1999 book by Richard Woldendorp and Tim Winton

Down to Earth: Australian Landscapes is a non-fiction book by photographer Richard Woldendorp with an essay by multi-award winning Australian author Tim Winton originally published in 1999. The book is a collection of photographs of the Australian landscape, with an accompanying essay by Winton that examines his personal responses to the land.

==Authors==
Richard Woldendorp has lived in Australia since 1951. He was named Australian Photographer of the Year in 1982 for his landscape photography, and is a prolific landscape photographer with a large portfolio of published books. He was made an Honorary Life Member of the Australian Institute of Professional Photography in 1988.

Tim Winton was born in Western Australia and resides there. He is a multi-award winning author. Winton is a keen supporter of environmental causes and won the first ASA Medal in recognition of his contribution to saving Ningaloo Reef in Western Australia. Winton commented on his collaborations with photographers saying he was approached by photographers who possibly saw " ... visual elements in my work which they thought would work with their images."

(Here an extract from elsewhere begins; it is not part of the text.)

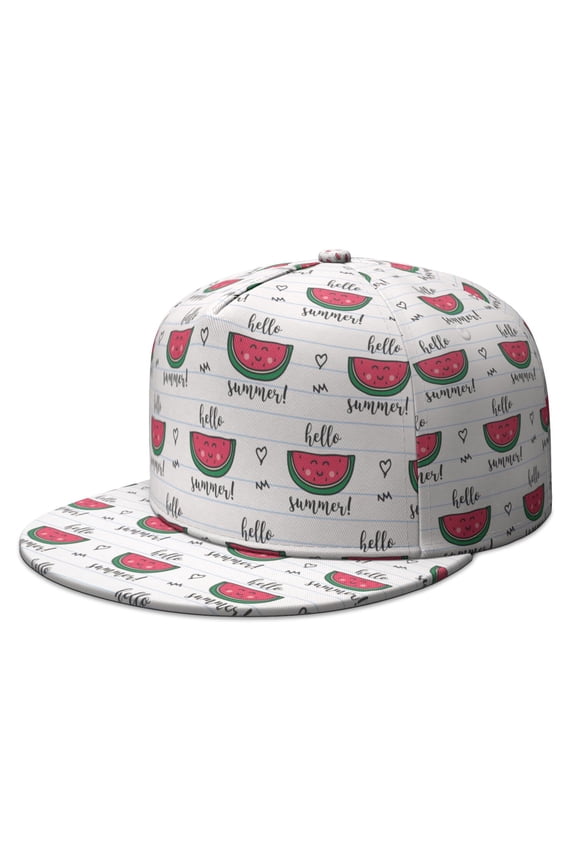 Summer Watermelon Cap - Sweet Tropical Fruit Print Adjustable Snapback, Vibrant Watermelon Slice Design for Pool & BBQ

In March 2017 Tim Winton was named Patron of the newly established Native Australian Animals Trust. The environment and the Australian landscape have always featured strongly in Wintons writings. The trust was established to help research and teaching about native animals and their environment.

==Reviews==
A review in Better World Books commented that, "This book contains a stunning array of color photographs by renowned photographer Richard Woldendorp accompanied by a substantial and deeply personal essay on landscape by award winning writer Tim Winton - offering two unique views of the Australian landscape."

Shortlisted at the 2000 Western Australian Premier's Book Awards the judging panel commented that, "... acclaimed photographer Richard Woldendorp has produced a stunning album of aerial pictures of the Australian landscape in which his professional skill and artistry, as well as his love of his subject shine through" and that Tim Winton "brings his own insights and passions to the subject."

Ric Spencer writes of Wolderdorp's work, "I think he understands the need for us to belong in this landscape, but equally the feeling that we don't."

==Holdings==
Down to Earth: Australian Landscapes is held by various libraries but also by a number of notable institutions, including the Art Gallery of New South Wales. Edmund and Joanna Capon Research Library and Archive, Australian Film, Television and Radio School. Jerzy Toeplitz Library, National Gallery of Australia. National Gallery of Australia Research Library, National Museum of Australia. National Museum of Australia Research Library and Queensland Art Gallery. QAGOMA Research Library and multiple University Libraries in most Australian states.